Set the data down exactly as it stands, and keep its pictures out.

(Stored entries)
******************************

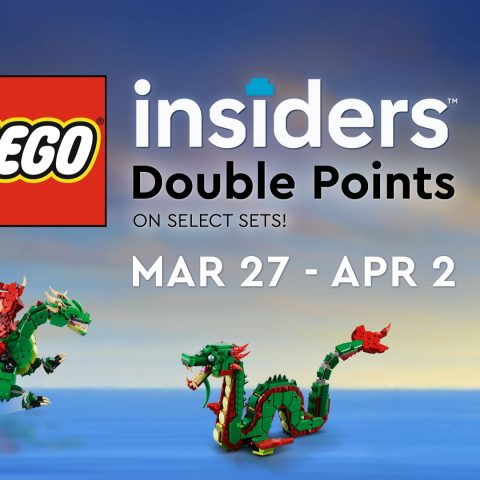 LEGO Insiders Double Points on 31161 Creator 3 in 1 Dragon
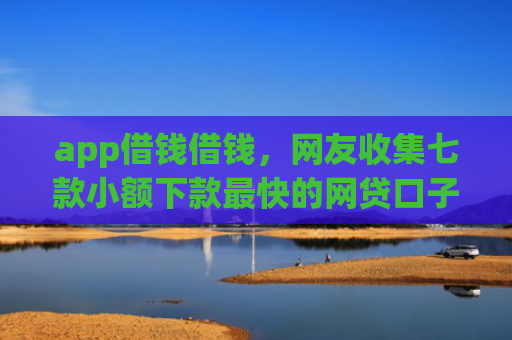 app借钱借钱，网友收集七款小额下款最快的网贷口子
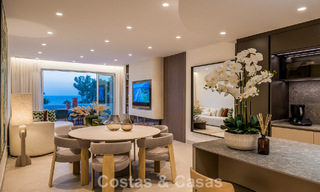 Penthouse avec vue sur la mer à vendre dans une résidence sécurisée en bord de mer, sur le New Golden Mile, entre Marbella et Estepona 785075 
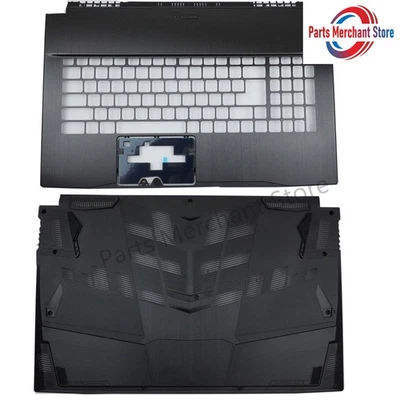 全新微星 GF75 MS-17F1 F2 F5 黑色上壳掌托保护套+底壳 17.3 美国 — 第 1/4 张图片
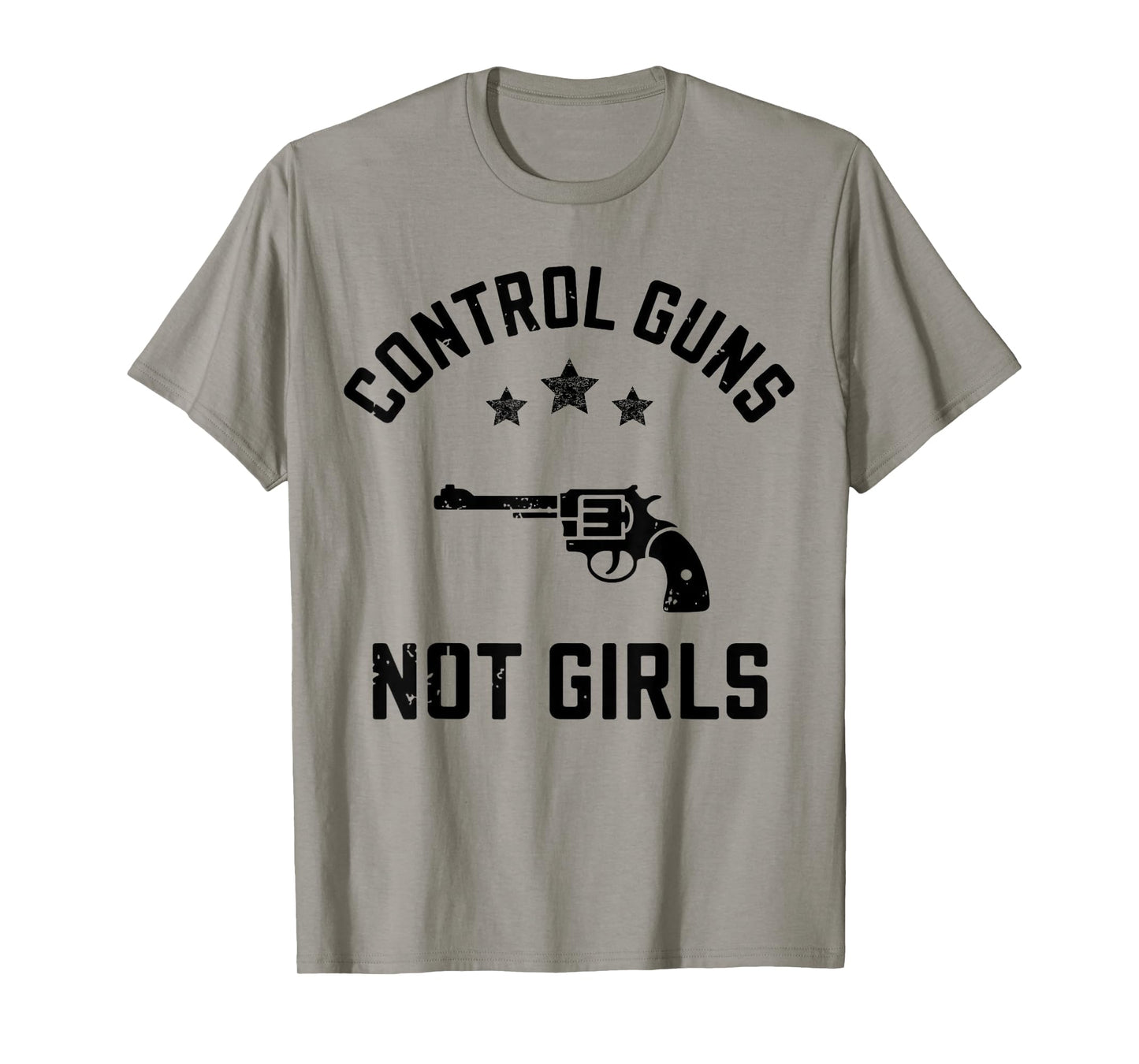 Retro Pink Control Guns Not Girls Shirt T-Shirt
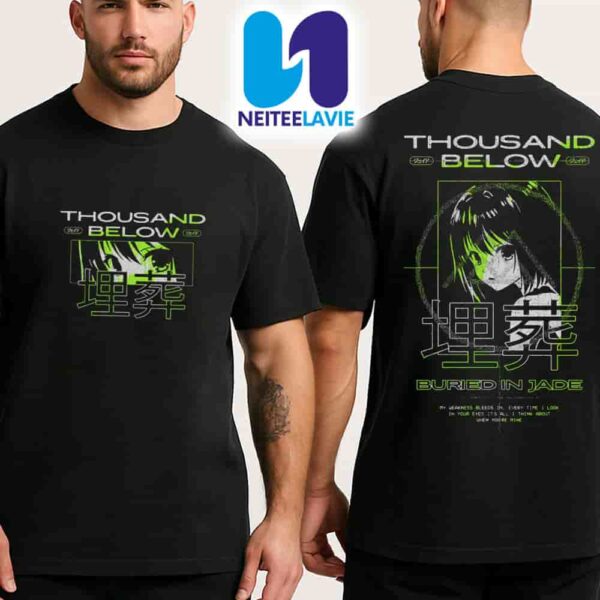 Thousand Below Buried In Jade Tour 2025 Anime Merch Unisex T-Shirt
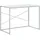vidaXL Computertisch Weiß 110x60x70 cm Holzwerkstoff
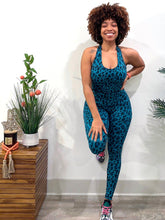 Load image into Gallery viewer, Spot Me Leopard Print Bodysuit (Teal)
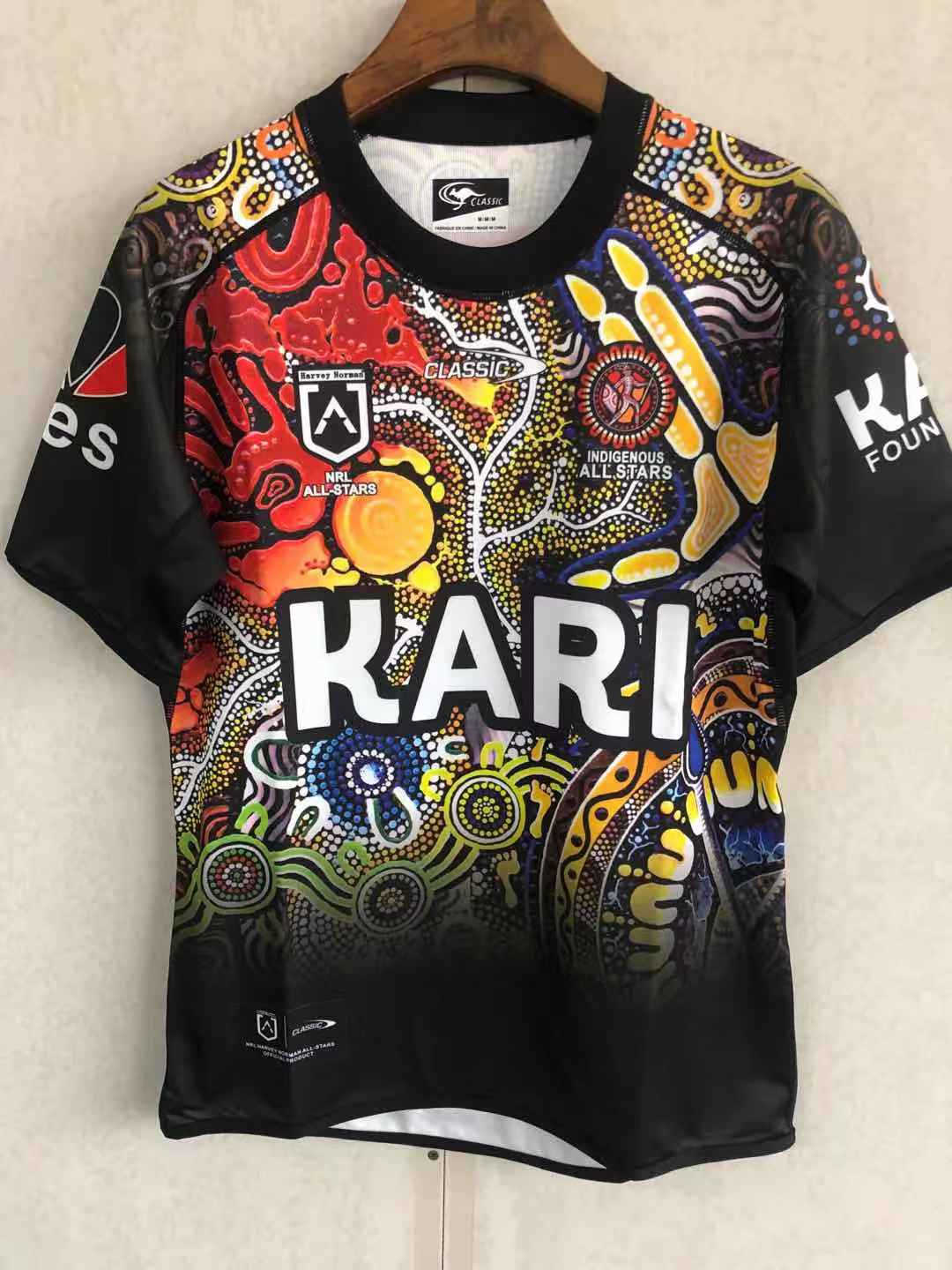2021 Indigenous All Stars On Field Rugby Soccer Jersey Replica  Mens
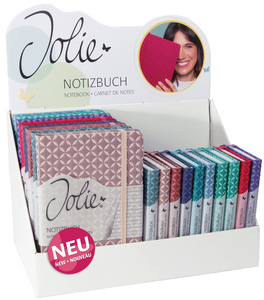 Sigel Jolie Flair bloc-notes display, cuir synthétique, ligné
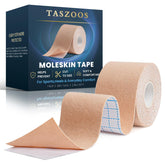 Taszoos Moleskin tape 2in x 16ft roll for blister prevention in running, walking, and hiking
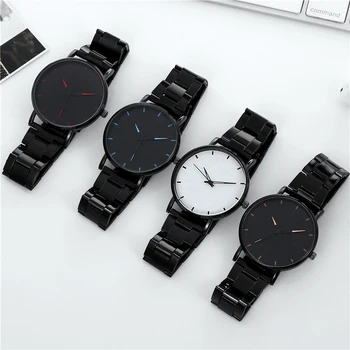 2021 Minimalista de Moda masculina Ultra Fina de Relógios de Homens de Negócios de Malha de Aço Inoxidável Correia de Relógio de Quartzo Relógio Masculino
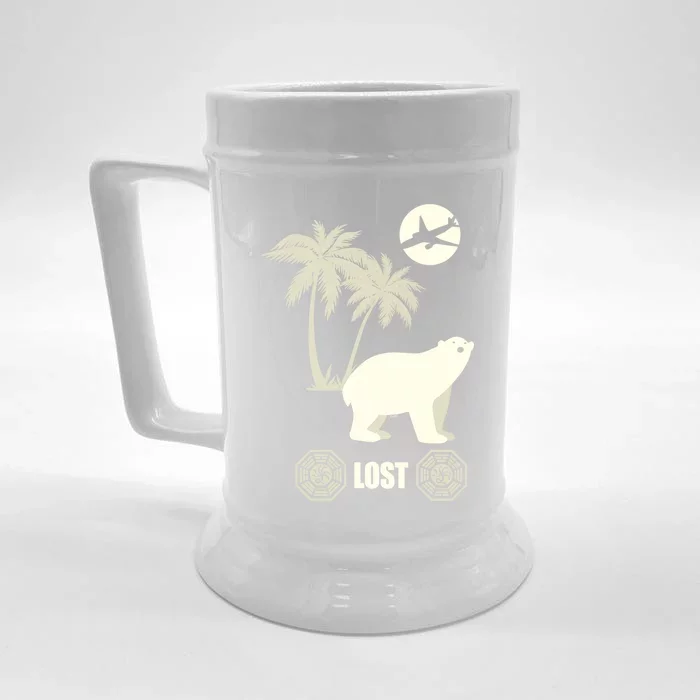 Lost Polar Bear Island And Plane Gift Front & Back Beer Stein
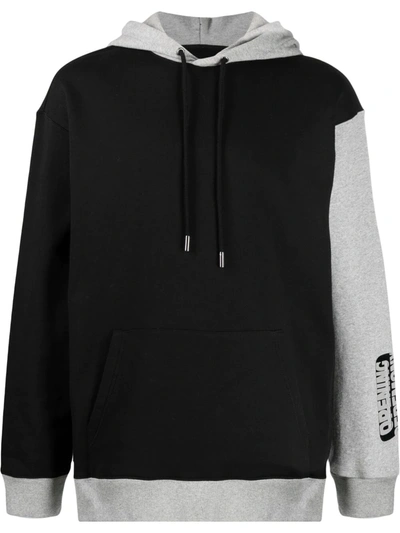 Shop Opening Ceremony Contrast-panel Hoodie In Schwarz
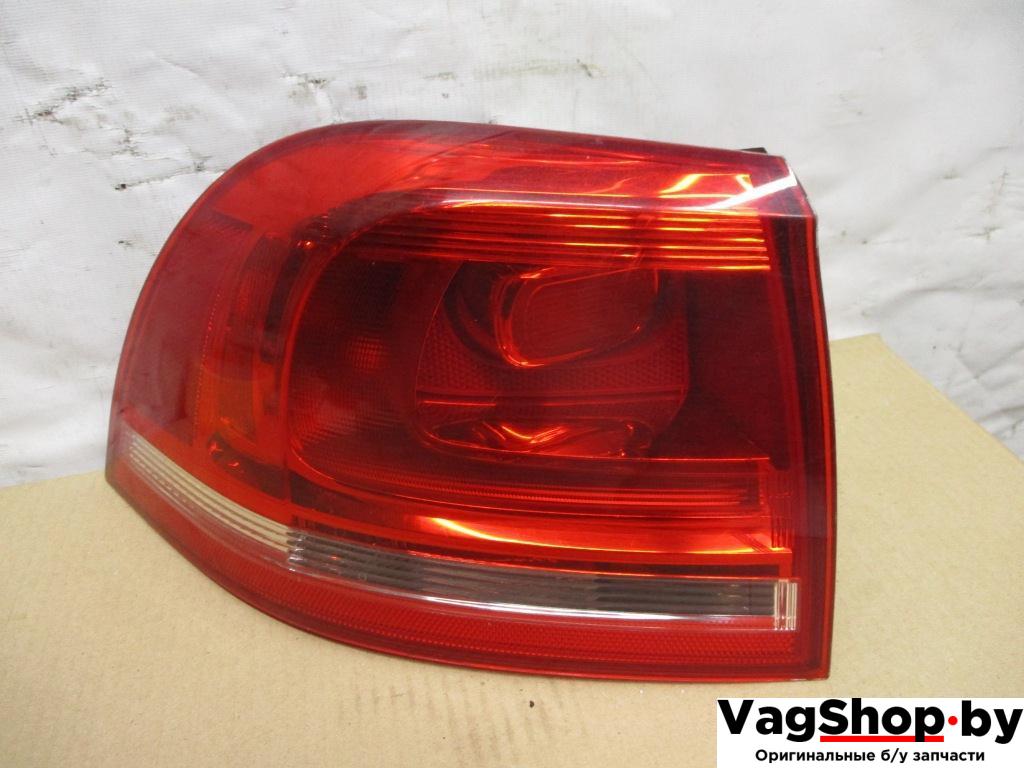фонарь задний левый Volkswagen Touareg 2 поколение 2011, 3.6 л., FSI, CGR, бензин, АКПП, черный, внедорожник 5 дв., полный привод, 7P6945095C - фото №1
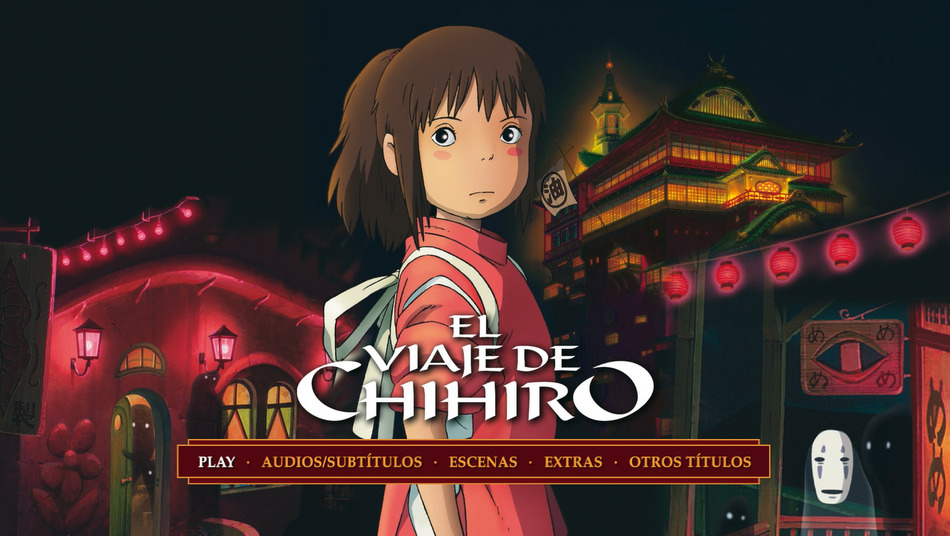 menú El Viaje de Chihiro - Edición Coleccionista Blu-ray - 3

******************************

■ Exercise result ■
 LEGO Insiders Double Points on 31161 Creator 3 in 1 Dragon
 app借钱借钱，网友收集七款小额下款最快的网贷口子
 Penthouse avec vue sur la mer à vendre dans une résidence sécurisée en bord de mer, sur le New Golden Mile, entre Marbella et Estepona 785075 
 全新微星 GF75 MS-17F1 F2 F5 黑色上壳掌托保护套+底壳 17.3 美国 — 第 1/4 张图片
 Retro Pink Control Guns Not Girls Shirt T-Shirt
 Thousand Below Buried In Jade Tour 2025 Anime Merch Unisex T-Shirt
vidaXL Computertisch Weiß 110x60x70 cm Holzwerkstoff
 Load image into Gallery viewer, Spot Me Leopard Print Bodysuit (Teal)
2021 Indigenous All Stars On Field Rugby Soccer Jersey Replica  Mens
 Sigel Jolie Flair bloc-notes display, cuir synthétique, ligné
 Taszoos Moleskin tape 2in x 16ft roll for blister prevention in running, walking, and hiking
 2021 Minimalista de Moda masculina Ultra Fina de Relógios de Homens de Negócios de Malha de Aço Inoxidável Correia de Relógio de Quartzo Relógio Masculino
 Lost Polar Bear Island And Plane Gift Front & Back Beer Stein
 Shop Opening Ceremony Contrast-panel Hoodie In Schwarz
фонарь задний левый Volkswagen Touareg 2 поколение 2011, 3.6 л., FSI, CGR, бензин, АКПП, черный, внедорожник 5 дв., полный привод, 7P6945095C - фото №1
 menú El Viaje de Chihiro - Edición Coleccionista Blu-ray - 3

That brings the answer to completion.